Sandoval moved to the United States from Mexico in 2014, and she has been documenting her life here since that time, using the same film camera. By January of last year, her collection had grown to include some 300 rolls, neatly organized by date, and after a tight editing process, they became Sangre de mi Sangre.

A photograph of a male body, from above the belly button to the pubic hair, takes up the entire cover, while the title and the artist name are printed on the obi. The zine is the artist’s documentation of her life as an immigrant, and particularly her experience with the bureaucratic side of that existence. Since she moved to the US, the concept of “home” became a complex one for her to grasp: is it the place where one grows up or a place where (in the artist’s case) one lives with a husband and a cat? To Sandoval, and many immigrants, there are no easy answers to these questions.

In March of 2020, just before the pandemic began, she married her husband Dylan. “As newlyweds, we would be unable to leave the house for months, cementing the bond between us in ways unimaginable just weeks before,” she writes. As she applied for her marriage Green Card, Sandoval had to go through a scrupulous, bureaucratic process which required the couple to prove their relationship with hard evidence. “But how do you demonstrate strong bonds of affection and intimacy?” she asks.
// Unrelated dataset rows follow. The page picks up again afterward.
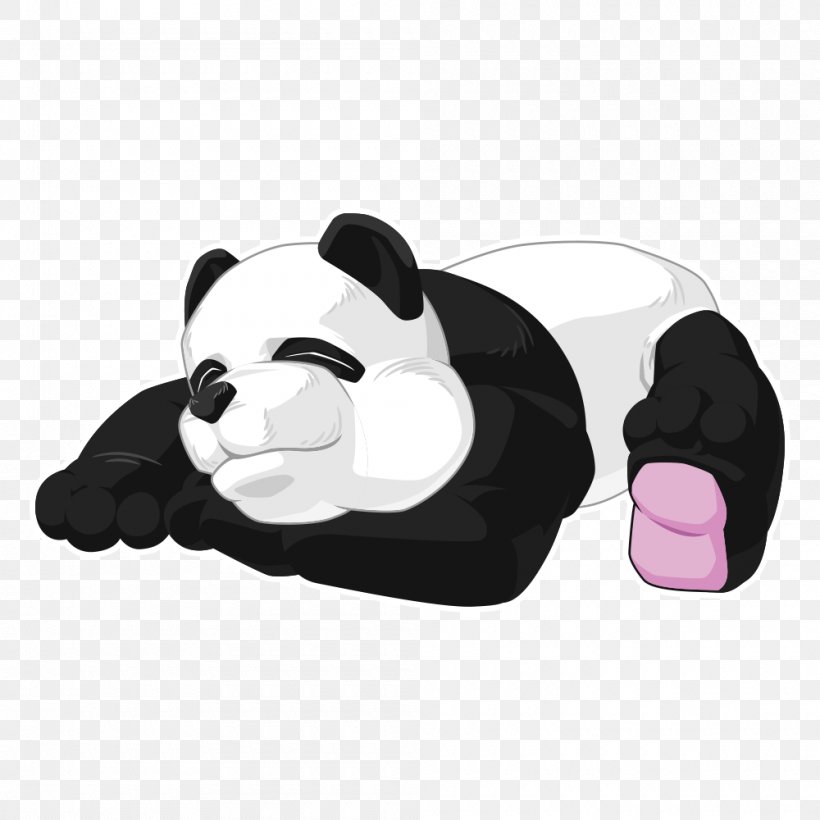 Giant Panda Royalty-free Illustration, PNG, 1000x1000px, Giant Panda, Bear, Black, Carnivoran, Cartoon Download Free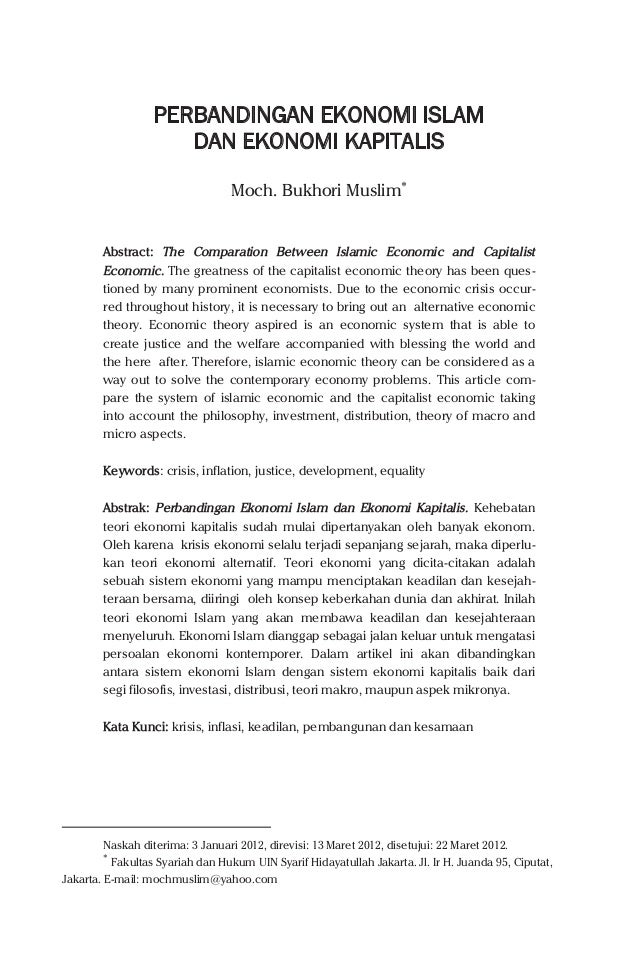 195010 Id Perbandingan Ekonomi Islam Dan Ekonomi K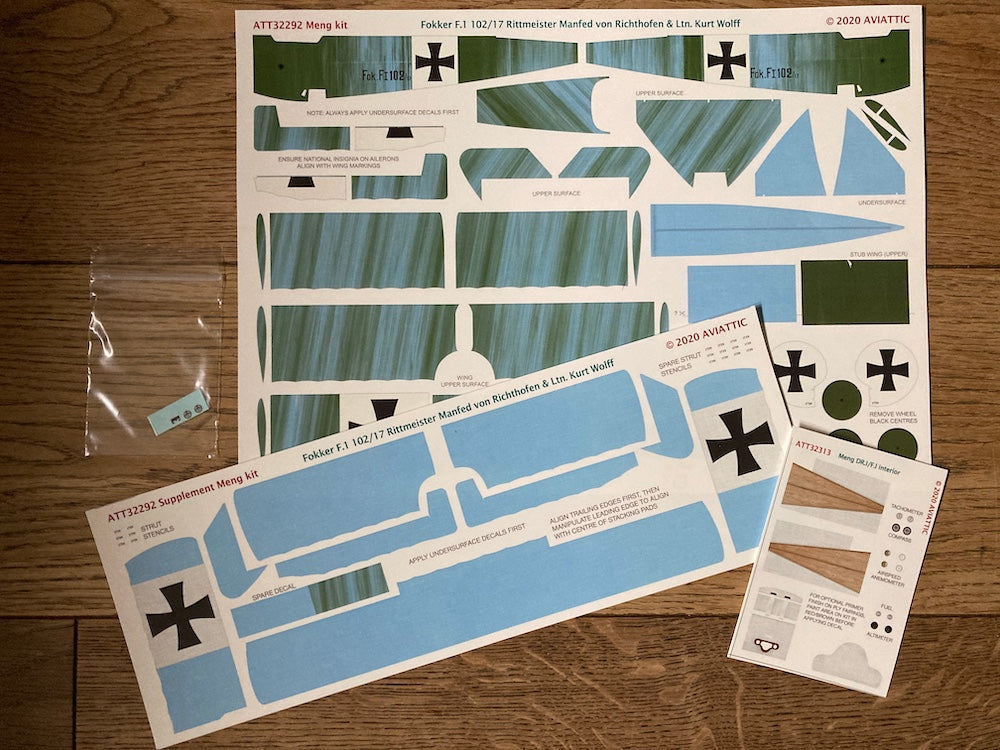 Aviattic ATT32292 1:32 Fokker F.I 102/17  Manfred von Richthofen & Ltn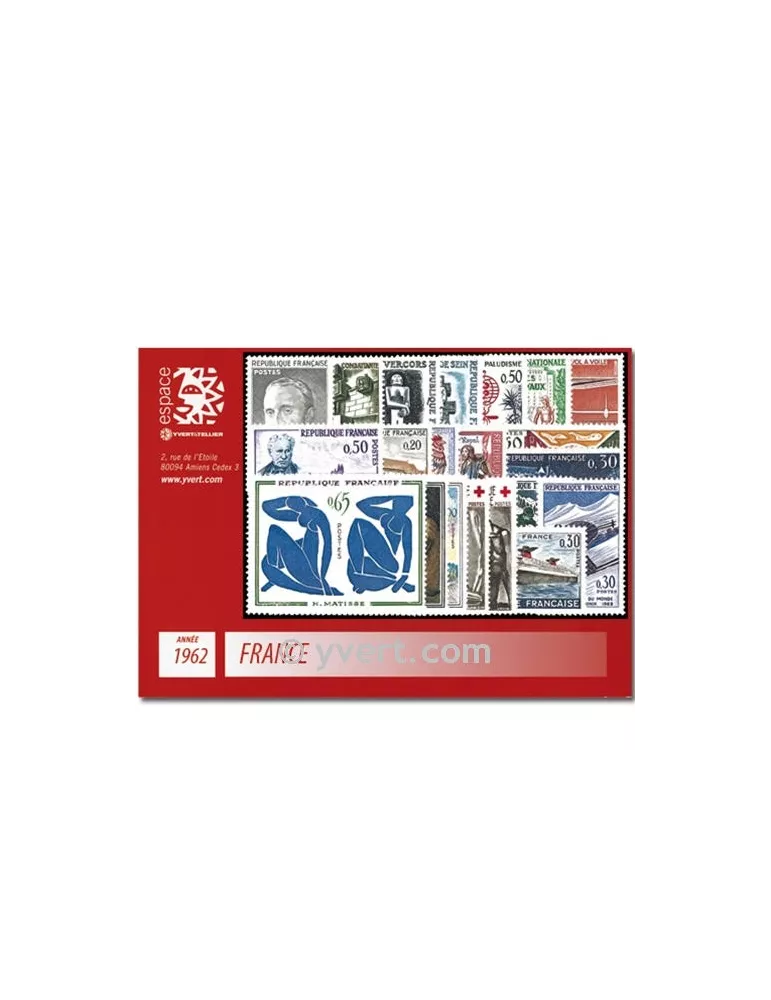 n° 1325/1367 - Timbre France Année complète (1962)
The photographs in the zine capture Sandoval and her husband sharing tender and intimate moments, paired with observations of everyday life. Her images often focus on his long red hair, his body, his legs, and how they move together as a couple in their space. The zine opens with a shot of Sandoval on the street, looking back over her shoulder, while the photo on the right captures a small cactus planted on the side of the road. The juxtaposition makes clear parallels between a cactus growing in an alien environment and the artist herself living in a foreign country. The next spread pairs two photographs, one of Sandoval posing nude in her apartment with rays of sunshine on her body, and a second of her husband outside in a washed pink t-shirt – and then we notice that the artist is also present in the reflection of the building as she takes his photograph. 
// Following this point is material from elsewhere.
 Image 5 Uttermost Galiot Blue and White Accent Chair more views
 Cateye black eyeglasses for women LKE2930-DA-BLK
Later on, an image of mannequins modeling wigs in a display window is placed next to a portrait of Dylan on the fire escape, as he stands with his eyes closed as sunlight falls on his face and body. It is a tender and gentle photograph. The zine ends with a full spread portrait of Sandoval, nude on the bed holding her cat as the sun gently touches her body. Her photographs powerfully document a story of trust, shared intimacy, and love, and it’s an emphatic and thoughtful response to the bureaucratic immigration process questioning her love relationship. 
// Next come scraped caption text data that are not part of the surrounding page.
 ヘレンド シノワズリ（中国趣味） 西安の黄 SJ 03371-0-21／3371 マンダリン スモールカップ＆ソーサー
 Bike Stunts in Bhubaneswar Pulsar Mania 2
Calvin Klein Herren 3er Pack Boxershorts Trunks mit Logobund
Sangre de mi Sangre is an intimately small and self-contained project, well matched to the zine format. Sandoval’s photographs expose her vulnerability and share an emotional experience of public exposure that is not often discussed or documented. It’s a terrific start for the new imprint, and it will be exciting to see what other projects Matarile Ediciones will feature next. 

Collector’s POV: Martha Naranjo Sandoval is represented by Notas Al Futuro in Mexico/Colombia (here). Her work has little secondary market history at this point, so gallery retail remains the best option for those collectors interested in following up.